* About this exercise *
In the entries below, find the line with "红玫瑰果在灌木上照片摄影图片" and the line with "Guppy Genetics Surprise". Return those two lines and all lines between them, exactly.

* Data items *
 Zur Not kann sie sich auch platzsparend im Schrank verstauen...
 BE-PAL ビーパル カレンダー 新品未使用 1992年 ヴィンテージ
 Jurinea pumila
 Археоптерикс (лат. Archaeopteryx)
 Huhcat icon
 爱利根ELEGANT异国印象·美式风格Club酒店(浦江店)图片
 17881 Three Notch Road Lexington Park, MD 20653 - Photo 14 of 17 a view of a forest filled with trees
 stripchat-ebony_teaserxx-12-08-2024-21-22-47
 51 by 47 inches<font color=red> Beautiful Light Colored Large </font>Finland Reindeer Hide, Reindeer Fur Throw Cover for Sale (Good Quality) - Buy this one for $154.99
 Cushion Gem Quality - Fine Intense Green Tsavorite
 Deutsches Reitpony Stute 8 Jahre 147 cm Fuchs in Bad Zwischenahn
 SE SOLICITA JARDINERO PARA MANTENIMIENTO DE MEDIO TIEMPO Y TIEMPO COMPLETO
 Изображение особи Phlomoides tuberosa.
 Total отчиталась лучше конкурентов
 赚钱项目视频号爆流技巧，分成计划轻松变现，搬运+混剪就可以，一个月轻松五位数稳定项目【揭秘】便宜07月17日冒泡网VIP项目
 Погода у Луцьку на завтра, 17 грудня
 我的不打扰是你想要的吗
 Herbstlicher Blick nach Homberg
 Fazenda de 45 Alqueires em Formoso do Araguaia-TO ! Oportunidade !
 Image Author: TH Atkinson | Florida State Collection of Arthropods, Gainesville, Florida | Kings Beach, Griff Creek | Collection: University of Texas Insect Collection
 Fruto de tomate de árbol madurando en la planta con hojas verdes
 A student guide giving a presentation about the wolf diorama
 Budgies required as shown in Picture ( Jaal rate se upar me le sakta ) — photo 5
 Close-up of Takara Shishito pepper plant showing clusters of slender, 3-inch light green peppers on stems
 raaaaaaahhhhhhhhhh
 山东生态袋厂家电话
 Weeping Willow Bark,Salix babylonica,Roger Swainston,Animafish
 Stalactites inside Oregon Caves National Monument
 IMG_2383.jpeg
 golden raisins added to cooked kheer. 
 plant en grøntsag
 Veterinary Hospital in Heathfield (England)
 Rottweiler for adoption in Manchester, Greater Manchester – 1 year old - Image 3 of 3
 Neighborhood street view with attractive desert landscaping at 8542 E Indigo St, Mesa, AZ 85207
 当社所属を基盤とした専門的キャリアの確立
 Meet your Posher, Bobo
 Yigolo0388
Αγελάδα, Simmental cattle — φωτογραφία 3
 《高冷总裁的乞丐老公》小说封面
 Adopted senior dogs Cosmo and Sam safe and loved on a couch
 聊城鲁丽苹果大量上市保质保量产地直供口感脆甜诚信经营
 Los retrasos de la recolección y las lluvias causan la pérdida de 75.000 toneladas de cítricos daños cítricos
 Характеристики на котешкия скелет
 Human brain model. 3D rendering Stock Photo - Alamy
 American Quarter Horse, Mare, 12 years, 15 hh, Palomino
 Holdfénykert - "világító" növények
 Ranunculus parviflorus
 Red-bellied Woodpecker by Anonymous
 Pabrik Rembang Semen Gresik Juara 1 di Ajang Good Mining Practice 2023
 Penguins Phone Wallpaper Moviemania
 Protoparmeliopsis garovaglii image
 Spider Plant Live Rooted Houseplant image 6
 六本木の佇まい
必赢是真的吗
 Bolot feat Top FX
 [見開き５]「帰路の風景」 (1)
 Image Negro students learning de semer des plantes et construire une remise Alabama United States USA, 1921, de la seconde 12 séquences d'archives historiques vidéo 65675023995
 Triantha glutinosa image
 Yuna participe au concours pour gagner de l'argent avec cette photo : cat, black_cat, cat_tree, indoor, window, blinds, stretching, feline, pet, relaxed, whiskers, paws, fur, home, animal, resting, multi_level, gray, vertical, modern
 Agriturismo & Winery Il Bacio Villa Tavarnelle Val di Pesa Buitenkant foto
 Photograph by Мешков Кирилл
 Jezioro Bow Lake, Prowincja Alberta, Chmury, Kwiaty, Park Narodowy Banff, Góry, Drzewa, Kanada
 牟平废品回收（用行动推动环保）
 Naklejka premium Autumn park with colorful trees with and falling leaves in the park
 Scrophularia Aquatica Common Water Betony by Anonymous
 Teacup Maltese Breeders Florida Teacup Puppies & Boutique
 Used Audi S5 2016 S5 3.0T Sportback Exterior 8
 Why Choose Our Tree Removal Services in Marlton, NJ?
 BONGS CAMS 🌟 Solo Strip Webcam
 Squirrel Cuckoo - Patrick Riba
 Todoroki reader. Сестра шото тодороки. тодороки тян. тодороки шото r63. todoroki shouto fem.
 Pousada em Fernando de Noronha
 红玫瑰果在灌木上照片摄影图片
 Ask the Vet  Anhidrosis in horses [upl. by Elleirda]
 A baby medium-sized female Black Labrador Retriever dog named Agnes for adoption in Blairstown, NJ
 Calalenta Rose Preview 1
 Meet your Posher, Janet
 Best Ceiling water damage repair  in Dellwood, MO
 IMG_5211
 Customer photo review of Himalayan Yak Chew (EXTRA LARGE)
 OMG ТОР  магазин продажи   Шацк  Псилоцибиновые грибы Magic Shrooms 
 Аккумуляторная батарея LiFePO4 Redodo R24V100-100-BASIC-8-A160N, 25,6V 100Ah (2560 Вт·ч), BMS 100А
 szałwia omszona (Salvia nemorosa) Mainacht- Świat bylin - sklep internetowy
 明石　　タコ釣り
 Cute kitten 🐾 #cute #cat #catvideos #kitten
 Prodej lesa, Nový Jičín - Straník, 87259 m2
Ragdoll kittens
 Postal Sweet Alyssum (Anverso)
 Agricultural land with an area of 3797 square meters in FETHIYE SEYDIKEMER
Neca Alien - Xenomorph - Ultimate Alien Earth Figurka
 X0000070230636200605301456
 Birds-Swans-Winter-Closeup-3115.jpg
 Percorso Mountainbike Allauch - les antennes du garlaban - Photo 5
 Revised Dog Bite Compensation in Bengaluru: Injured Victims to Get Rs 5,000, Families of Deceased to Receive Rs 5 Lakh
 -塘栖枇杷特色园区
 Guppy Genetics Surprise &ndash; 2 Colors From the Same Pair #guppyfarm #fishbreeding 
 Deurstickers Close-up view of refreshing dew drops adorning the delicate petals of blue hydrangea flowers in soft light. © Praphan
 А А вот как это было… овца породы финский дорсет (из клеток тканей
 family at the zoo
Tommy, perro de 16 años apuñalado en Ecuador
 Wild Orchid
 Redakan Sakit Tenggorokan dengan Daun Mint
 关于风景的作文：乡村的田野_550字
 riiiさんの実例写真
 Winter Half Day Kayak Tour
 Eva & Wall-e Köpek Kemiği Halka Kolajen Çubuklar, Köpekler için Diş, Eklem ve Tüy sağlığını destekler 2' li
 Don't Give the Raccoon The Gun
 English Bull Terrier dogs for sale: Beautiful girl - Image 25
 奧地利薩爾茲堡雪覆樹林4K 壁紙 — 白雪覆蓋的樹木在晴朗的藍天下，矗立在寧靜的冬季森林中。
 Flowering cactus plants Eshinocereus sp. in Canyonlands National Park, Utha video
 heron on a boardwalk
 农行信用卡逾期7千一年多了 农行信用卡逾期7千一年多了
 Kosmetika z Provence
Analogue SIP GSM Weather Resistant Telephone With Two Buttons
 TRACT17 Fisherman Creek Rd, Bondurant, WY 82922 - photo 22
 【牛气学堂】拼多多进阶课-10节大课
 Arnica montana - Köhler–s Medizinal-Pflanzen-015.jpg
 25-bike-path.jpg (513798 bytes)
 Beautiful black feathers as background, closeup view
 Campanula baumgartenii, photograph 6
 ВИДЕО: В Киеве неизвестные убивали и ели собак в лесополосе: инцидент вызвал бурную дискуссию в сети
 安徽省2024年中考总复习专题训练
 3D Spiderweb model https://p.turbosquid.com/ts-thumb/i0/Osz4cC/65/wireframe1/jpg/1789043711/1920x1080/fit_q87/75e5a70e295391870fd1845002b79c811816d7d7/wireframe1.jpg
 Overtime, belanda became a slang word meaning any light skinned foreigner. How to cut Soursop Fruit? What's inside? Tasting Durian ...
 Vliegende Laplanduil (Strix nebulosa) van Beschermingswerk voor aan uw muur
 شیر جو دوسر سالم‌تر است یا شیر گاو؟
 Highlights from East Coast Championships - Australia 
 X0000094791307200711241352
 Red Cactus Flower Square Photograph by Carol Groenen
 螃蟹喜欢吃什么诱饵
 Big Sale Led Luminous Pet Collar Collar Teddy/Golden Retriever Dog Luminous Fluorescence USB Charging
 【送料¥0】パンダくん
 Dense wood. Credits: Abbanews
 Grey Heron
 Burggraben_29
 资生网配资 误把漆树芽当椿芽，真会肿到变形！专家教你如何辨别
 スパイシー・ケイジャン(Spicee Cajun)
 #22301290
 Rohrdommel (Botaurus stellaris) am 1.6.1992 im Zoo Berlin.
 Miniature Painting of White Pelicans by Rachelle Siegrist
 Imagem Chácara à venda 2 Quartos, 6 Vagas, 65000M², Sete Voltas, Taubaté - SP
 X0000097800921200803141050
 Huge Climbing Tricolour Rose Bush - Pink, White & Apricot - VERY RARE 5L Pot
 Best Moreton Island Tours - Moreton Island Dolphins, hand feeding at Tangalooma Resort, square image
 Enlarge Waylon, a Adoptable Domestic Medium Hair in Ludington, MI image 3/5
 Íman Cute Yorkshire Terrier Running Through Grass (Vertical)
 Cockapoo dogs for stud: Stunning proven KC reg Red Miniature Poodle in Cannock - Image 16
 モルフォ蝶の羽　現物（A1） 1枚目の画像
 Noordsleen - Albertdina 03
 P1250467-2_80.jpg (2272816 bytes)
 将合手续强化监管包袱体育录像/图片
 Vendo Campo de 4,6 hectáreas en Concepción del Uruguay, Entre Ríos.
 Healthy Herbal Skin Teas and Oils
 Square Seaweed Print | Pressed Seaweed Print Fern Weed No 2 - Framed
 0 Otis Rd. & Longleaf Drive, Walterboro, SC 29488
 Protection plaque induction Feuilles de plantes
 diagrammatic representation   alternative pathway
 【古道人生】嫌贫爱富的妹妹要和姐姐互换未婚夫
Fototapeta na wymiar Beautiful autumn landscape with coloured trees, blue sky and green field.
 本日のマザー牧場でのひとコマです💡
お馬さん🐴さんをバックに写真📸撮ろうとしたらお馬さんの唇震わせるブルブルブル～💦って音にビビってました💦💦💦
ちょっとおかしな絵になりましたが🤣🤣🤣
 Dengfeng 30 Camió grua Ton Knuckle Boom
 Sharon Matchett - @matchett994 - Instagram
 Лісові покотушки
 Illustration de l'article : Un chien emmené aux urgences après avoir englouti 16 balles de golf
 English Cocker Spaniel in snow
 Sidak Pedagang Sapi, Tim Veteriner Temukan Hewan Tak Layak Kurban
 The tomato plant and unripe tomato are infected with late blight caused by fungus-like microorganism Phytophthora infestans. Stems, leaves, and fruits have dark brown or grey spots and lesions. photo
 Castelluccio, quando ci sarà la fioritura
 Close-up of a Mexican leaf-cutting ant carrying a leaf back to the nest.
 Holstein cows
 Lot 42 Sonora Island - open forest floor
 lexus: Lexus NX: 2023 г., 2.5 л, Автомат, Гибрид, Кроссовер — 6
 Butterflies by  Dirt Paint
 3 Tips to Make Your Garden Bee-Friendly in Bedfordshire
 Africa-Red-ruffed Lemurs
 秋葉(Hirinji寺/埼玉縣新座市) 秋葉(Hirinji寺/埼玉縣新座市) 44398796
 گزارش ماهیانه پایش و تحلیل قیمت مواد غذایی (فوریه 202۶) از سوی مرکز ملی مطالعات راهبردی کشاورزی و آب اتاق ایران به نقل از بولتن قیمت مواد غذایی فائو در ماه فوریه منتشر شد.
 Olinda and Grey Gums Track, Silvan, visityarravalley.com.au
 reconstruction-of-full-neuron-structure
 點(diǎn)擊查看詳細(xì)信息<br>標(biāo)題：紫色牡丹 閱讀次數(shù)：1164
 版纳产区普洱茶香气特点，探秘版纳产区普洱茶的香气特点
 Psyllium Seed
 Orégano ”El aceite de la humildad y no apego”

* Answer space *
 红玫瑰果在灌木上照片摄影图片
 Ask the Vet  Anhidrosis in horses [upl. by Elleirda]
 A baby medium-sized female Black Labrador Retriever dog named Agnes for adoption in Blairstown, NJ
 Calalenta Rose Preview 1
 Meet your Posher, Janet
 Best Ceiling water damage repair  in Dellwood, MO
 IMG_5211
 Customer photo review of Himalayan Yak Chew (EXTRA LARGE)
 OMG ТОР  магазин продажи   Шацк  Псилоцибиновые грибы Magic Shrooms 
 Аккумуляторная батарея LiFePO4 Redodo R24V100-100-BASIC-8-A160N, 25,6V 100Ah (2560 Вт·ч), BMS 100А
 szałwia omszona (Salvia nemorosa) Mainacht- Świat bylin - sklep internetowy
 明石　　タコ釣り
 Cute kitten 🐾 #cute #cat #catvideos #kitten
 Prodej lesa, Nový Jičín - Straník, 87259 m2
Ragdoll kittens
 Postal Sweet Alyssum (Anverso)
 Agricultural land with an area of 3797 square meters in FETHIYE SEYDIKEMER
Neca Alien - Xenomorph - Ultimate Alien Earth Figurka
 X0000070230636200605301456
 Birds-Swans-Winter-Closeup-3115.jpg
 Percorso Mountainbike Allauch - les antennes du garlaban - Photo 5
 Revised Dog Bite Compensation in Bengaluru: Injured Victims to Get Rs 5,000, Families of Deceased to Receive Rs 5 Lakh
 -塘栖枇杷特色园区
 Guppy Genetics Surprise &ndash; 2 Colors From the Same Pair #guppyfarm #fishbreeding 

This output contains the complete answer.